Homework 1
Due Friday, February 3 at midnight CST on Moodle
Please turn in a single PDF document containing (1) your responses for the Project Work and Metacognitive Reflection sections and (2) a LINK to the Google Doc with your responses for the Portfolio Work section.Project Work
Goal: Find a dataset to use for your final project, and begin getting acquainted with the data.
Details:
Your dataset should allow you to perform a supervised learning analysis (regression or classification) and an unsupervised learning analysis (clustering or dimension reduction). The following resources are good places to start looking for data:
- Google Dataset Search
- Kaggle
- UCI Machine Learning Repository
- Harvard Dataverse
- Macalester’s librarians are a great resource too! They can help you find data aligning with your interests. You can make an appointment using the Ask Us page on the library website.
Even if you end up working in a group on the project (which isn’t required - working alone is fine), please complete this initial work individually.
Check in with the instructor early if you need help.
Deliverables:
Write 1-2 paragraphs (no more than 350 words) summarizing:
- The information in the dataset and the context behind the data. Use the prompts below to guide your thoughts. (Note: in some situations, there may be incomplete information on the data context. That’s fine. Just do your best to summarize what information is available, and acknowledge the lack of information where relevant.)
- What are the cases?
- Broadly describe the variables contained in the data.
- Who collected the data? When, why, and how?
- 2 (tentative) research questions
- 1 that can be investigated in a supervised learning setting (regression OR classification–you’re welcome to do both if you wish!)
- 1 that can be investigated in an unsupervised learning setting (clustering OR dimension reduction–you’re welcome to do both if you wish!)
- Note: These research questions might evolve over the course of the semester, and that’s fine! Having some idea of potential research directions now will still be helpful.
Also make sure that you can read the data into R. You don’t need to do any analysis in R yet, but making sure that you can read the data will make the next steps go more smoothly.
Portfolio Work
Over the course of the semester, you will use your understanding of course ideas to build up a written portfolio that you can refer to years down the line. Each homework assignment will have prompts that require you to reflect on Data Ethics as well as concepts related to machine learning methods that are enduring, important, and worth being familiar with. (Refer to our syllabus on Moodle for a reminder of this breakdown.)
You will receive comments on your responses from the instructor and preceptors that you can use to evaluate your understanding and to revise your work on subsequent assignments throughout the semester.
Logistics:
- Make a copy of this Google Doc.
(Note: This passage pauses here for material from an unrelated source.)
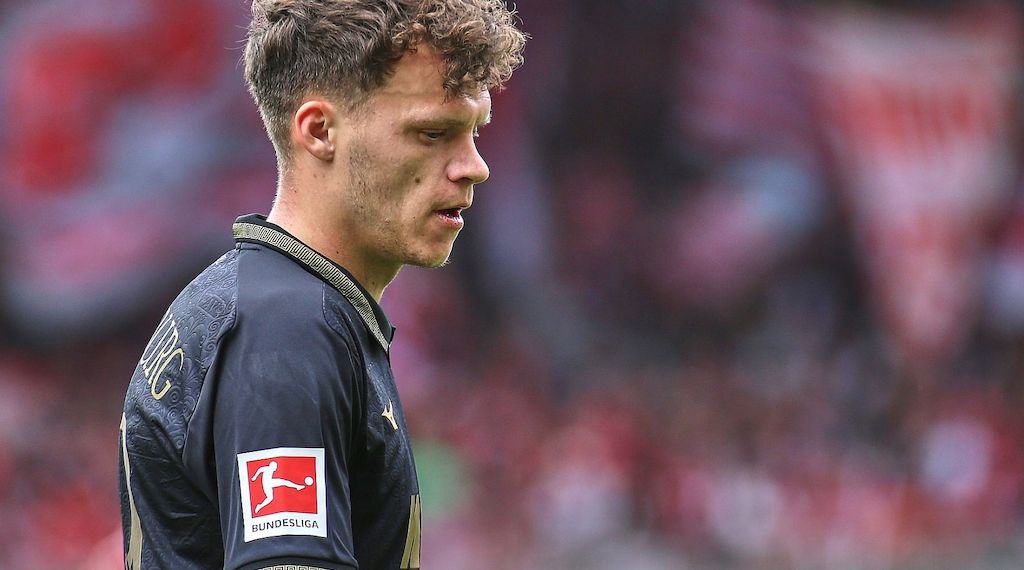 1. Bundesliga: Augsburg erobert in Frankfurt die Tabellenspitze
You will use this SINGLE Google Doc for your homework responses (and revisions) all semester. (A single doc facilitates seeing feedback and revisions over time.)
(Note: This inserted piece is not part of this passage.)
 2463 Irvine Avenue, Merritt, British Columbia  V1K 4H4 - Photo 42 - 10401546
- Update the sharing permissions on your doc so that anyone with the link can provide comments.
Note: Some prompts below may seem very open-ended. This is intentional. Crafting good responses requires looking back through our material to organize the concepts in a coherent, thematic way, which is extremely useful for your learning. Remember that writing is a superpower that we are intentionally honing this semester.
Areas to address:
Data Ethics: Read the article Amazon scraps secret AI recruiting tool that showed bias against women. Write a short (roughly 250 words), thoughtful response about the themes and cautions that the article brings forth.
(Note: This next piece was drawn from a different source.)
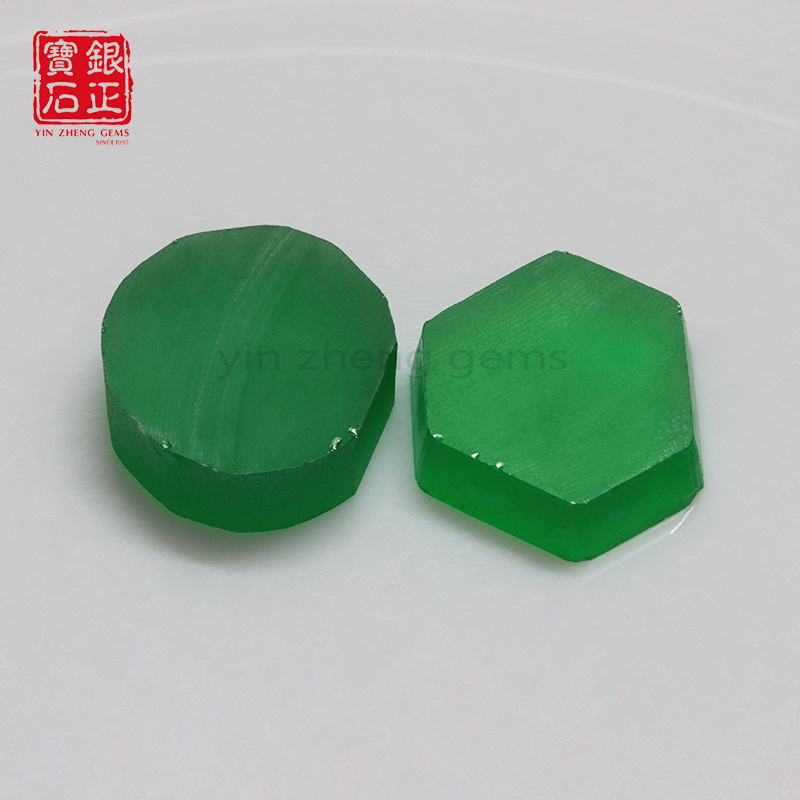 Hot sale loose green rough emerald rough yag green synthetic gemstone rough green jewelry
Overfitting: The video used the analogy of a cat picture model to explain overfitting. Come up with your own analogy to explain overfitting.
Evaluating regression models: Describe how residuals are central to the evaluation of regression models. Explain how they arise in quantitative evaluation metrics and how they are used in evaluation plots. Include examples of plots that show desirable and undesirable model behavior (feel free to draw them by hand if you wish) and what steps can be taken to address that undesirable behavior.
Cross-validation: In your own words, explain the rationale for cross-validation in relation to overfitting and model evaluation. Describe the algorithm in your own words in at most 2 sentences.
Subset selection:
- Algorithmic understanding: Look at Conceptual exercise 1, parts (a) and (b) in ISLR Section 6.6. What are the aspects of the subset selection algorithm(s) that are essential to answering these questions, and why? (Note: you’ll have to try to answer the ISLR questions to respond to this prompt, but the focus of your writing should be on the question in bold here.)
- Scaling of variables: Does the scale on which variables are measured matter for the performance of this algorithm? Why or why not? If scale does matter, how should this be addressed when using this method?
- Computational time: What computational time considerations are relevant for this method (how long the algorithms take to run)?
- Interpretation of output: What parts of the algorithm output have useful interpretations, and what are those interpretations? Focus on output that allows us to measure variable importance. How do the algorithms/output allow us to learn about variable importance?
LASSO:
- Algorithmic understanding: Come up with your own analogy for explaining how the penalized least squares criterion works.
- Scaling of variables: Does the scale on which variables are measured matter for the performance of this algorithm? Why or why not? If scale does matter, how should this be addressed when using this method?
- Computational time: What computational time considerations are relevant for this method (how long the algorithms take to run)?
- Interpretation of output: What parts of the algorithm output have useful interpretations, and what are those interpretations? Focus on output that allows us to measure variable importance. How do the algorithms/output allow us to learn about variable importance?
Metacognitive Reflection
How do you feel about your level of understanding for the topics that we have covered so far? What were some notable themes in self- and peer-noticings? (What has been confusing and/or intriguing based on pre-class videos, in-class activities, and this homework assignment?) How do these reflections inform your next steps for developing stronger understanding and/or advising future students learning about these topics?